[[ Input data, beginning ]]

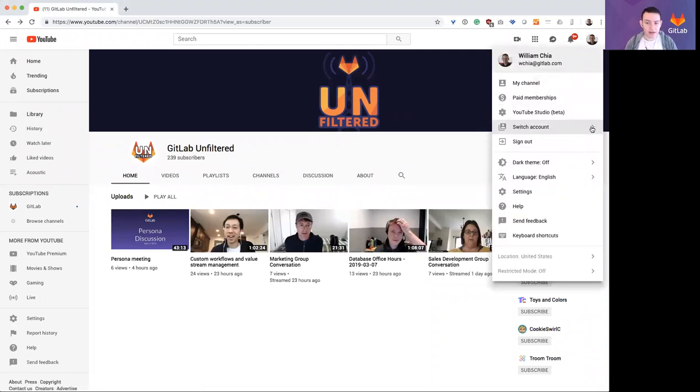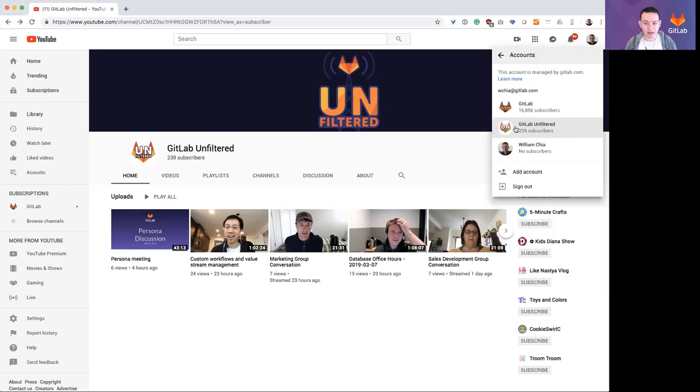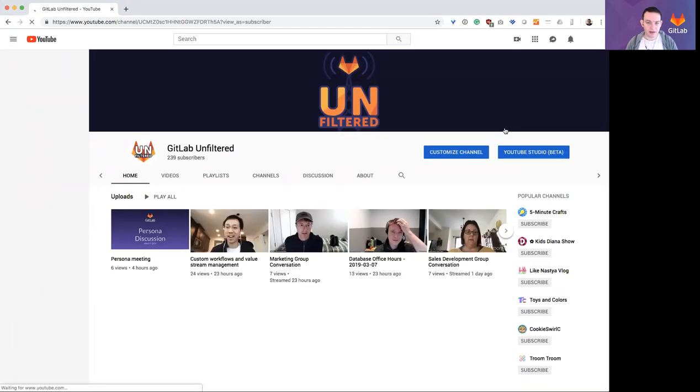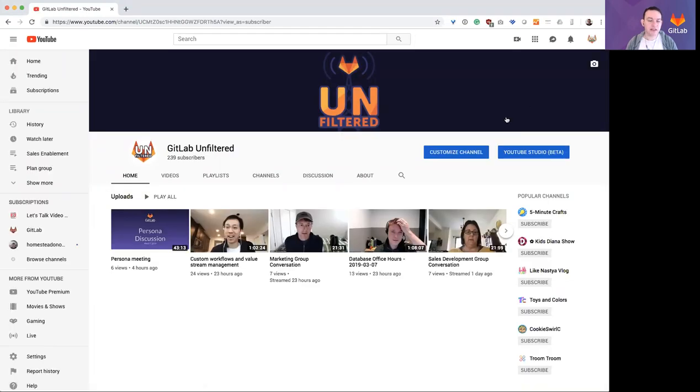What I can do is go here to switch account, and I'm going to select GitLab unfiltered. When I'm using this account, now I can see all of the private videos.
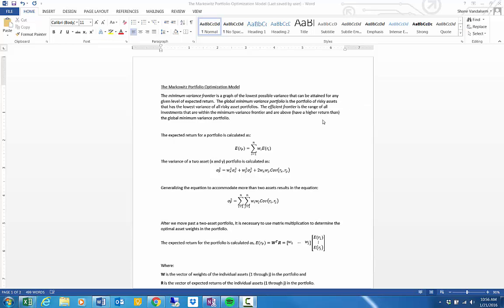In this video I'm going to demonstrate how to calculate the optimal portfolio of risky assets using Excel, and then also calculate the proportion of an individual investor's portfolio that should be invested in the risky asset portfolio and the risk-free asset.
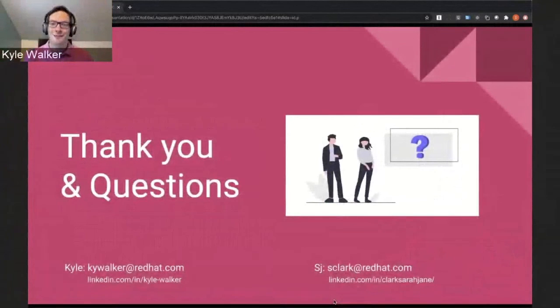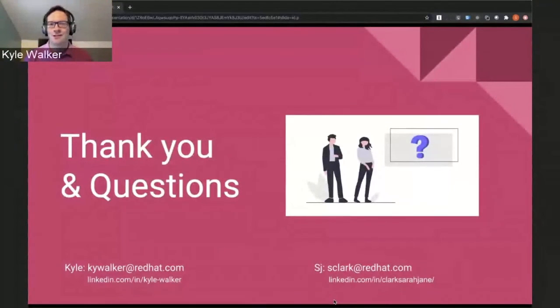Thank you. Thanks for joining us for this. Feel free to reach out with any questions or thoughts afterwards. Thank you very much, Kyle and SJ.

[[ Input data, end ]]

Problem description:
All of the material above should be reproduced exactly, except the pictures.

Response:
What I can do is go here to switch account, and I'm going to select GitLab unfiltered. When I'm using this account, now I can see all of the private videos.
In this video I'm going to demonstrate how to calculate the optimal portfolio of risky assets using Excel, and then also calculate the proportion of an individual investor's portfolio that should be invested in the risky asset portfolio and the risk-free asset.
Thank you. Thanks for joining us for this. Feel free to reach out with any questions or thoughts afterwards. Thank you very much, Kyle and SJ.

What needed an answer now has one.